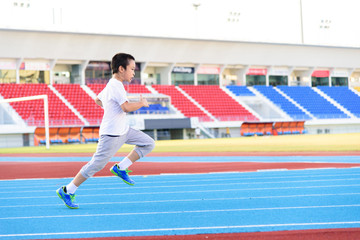 Boy runnin on blue track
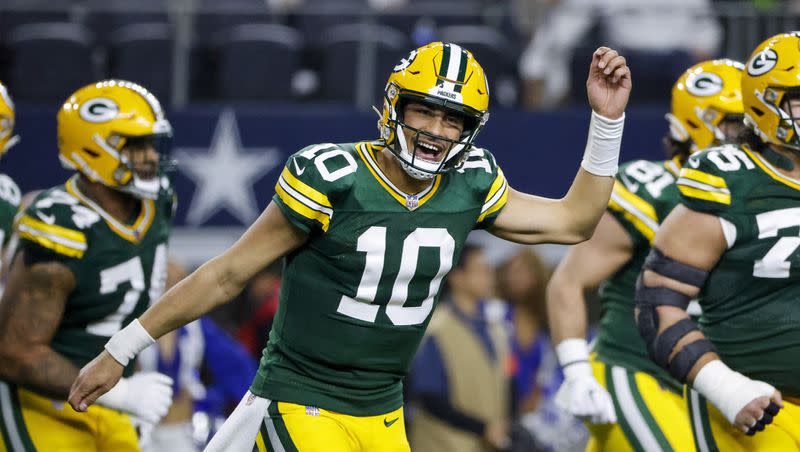 Green Bay Packers quarterback Jordan Love (10) reacts after throwing a touchdown pass against the Dallas Cowboys during the second half of an NFL football game, Sunday, Jan. 14, 2024, in Arlington, Texas. 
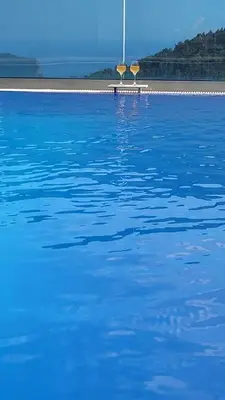 a large body of blue water with a pole in the background at Villa Moonlight in Budva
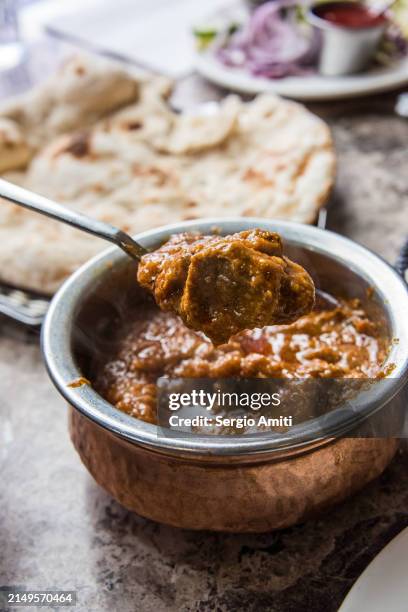 serving lamb karahi - lamb korma stock pictures, royalty-free photos & images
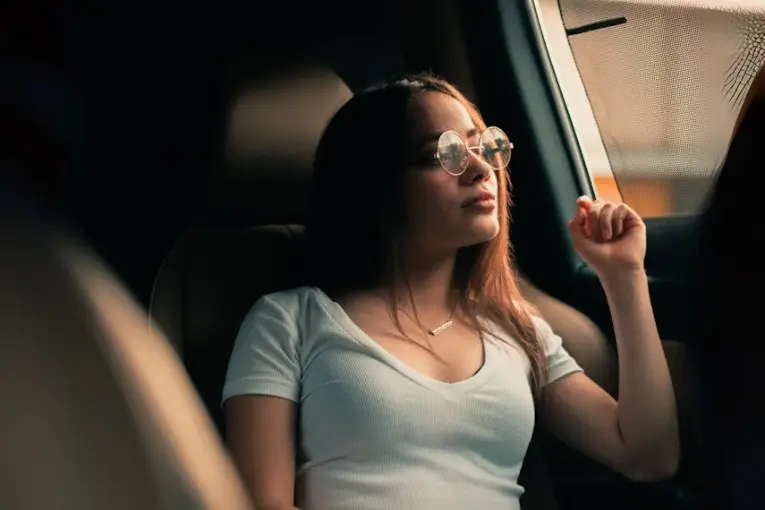 woman looking out a car window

........

> **Action item**: Nothing should be printed except the lines from the one with "serving lamb karahi" through the last line of the listing above, both ends included; please drop the pictures.

> **Task answer**:
 serving lamb karahi - lamb korma stock pictures, royalty-free photos & images
 woman looking out a car window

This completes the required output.